According to this modified example, the degree of pressing the end of the conductive wire 40 with the conductive part 58 is adjustable by changing the thickness t of the second copper layer 55. As a result of this, it is capable of avoiding break of a conductive wire 40 when welding the conductive part 58 of the lead frame to the second copper layer 55.

While the invention has been described with reference to particular example embodiments, further modifications and improvements which will occur to those skilled in the art, may be made within the purview of the appended claims, without departing from the scope of the invention in its broader aspect.

Claims

1. A chip coil, comprising:

a core including a drum and brims provided on both ends of said drum;

a coil conductor formed on said drum; and

external electrodes that are electrically connected to said coil conductor; wherein

said external electrodes are arranged between said brims.
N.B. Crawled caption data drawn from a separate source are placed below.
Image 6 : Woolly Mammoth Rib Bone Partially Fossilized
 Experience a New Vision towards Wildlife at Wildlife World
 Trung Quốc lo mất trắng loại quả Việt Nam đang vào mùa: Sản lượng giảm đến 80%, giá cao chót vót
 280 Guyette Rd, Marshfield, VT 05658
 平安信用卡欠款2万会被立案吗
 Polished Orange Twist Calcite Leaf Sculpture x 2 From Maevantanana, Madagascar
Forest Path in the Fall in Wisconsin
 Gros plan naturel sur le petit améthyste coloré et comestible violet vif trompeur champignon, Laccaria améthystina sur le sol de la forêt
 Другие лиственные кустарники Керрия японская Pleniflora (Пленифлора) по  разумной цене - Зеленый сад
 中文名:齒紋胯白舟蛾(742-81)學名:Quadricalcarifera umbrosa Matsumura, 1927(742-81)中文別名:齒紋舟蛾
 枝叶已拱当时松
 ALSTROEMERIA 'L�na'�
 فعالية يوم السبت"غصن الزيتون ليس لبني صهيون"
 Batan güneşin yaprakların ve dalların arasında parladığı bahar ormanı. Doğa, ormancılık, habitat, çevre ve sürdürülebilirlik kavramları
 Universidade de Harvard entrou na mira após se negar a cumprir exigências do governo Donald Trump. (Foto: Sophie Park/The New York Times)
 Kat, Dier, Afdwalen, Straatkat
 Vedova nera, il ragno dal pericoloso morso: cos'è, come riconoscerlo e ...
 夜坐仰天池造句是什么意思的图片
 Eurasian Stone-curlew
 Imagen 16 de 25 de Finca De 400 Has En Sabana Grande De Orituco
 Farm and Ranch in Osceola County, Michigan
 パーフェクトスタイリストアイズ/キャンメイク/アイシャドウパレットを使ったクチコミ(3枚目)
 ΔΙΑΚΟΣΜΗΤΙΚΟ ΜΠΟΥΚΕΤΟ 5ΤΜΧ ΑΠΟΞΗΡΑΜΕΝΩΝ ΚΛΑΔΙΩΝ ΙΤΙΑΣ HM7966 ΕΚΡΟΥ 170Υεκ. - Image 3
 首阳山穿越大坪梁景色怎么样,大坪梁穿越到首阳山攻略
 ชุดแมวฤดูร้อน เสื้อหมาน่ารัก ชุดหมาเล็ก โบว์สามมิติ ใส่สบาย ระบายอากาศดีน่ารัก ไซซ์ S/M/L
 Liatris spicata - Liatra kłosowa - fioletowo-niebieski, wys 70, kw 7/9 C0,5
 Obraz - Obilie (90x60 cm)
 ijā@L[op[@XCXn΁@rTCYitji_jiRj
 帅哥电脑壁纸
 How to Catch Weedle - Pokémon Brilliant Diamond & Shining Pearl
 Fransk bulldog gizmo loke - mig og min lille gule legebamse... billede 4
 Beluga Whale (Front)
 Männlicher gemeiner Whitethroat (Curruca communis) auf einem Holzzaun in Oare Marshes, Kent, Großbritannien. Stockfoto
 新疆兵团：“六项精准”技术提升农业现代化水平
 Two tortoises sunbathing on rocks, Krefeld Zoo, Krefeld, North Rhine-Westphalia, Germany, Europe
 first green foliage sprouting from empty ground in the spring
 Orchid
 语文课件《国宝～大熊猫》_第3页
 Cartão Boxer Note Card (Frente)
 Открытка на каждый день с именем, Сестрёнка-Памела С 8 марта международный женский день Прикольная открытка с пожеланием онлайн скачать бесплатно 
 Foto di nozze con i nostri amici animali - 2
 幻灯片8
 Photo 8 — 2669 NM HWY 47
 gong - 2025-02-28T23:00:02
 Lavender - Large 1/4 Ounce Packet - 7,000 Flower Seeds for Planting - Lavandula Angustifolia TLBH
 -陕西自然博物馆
2. The chip coil according to claim 1 further comprising a conductive part extended from each external electrode, wherein said conductive part is connected to one end of said coil conductor.

3. The chip coil according to claim 2, wherein the width of said conductive part is smaller than that of said drum.

4. The chip coil according to claim 3, wherein said conductive part is arranged so as to fall within the width of said drum of said core.

5. The chip coil according to claim 4, wherein internal electrodes are formed on said brims, and said coil conductor is connected to said internal electrodes.

6. The chip coil according to claim 5, wherein each of the widths of said internal electrodes is smaller than that of said drum.

7. The chip coil according to claim 6, wherein said internal electrodes are metal coated films formed on an insulator substrate, which is fixed to said brims.

8. The chip coil according to claim 7, wherein the tips of said external electrodes are not fixed.

9. The chip coil according to claim 6, wherein said internal electrodes have a first metal layer and a second metal layer formed separately on said first metal layer, and wherein the end of said coil conductor is arranged between said separately-formed second metal layer and is sandwiched in between said conductive part and said first metal layer.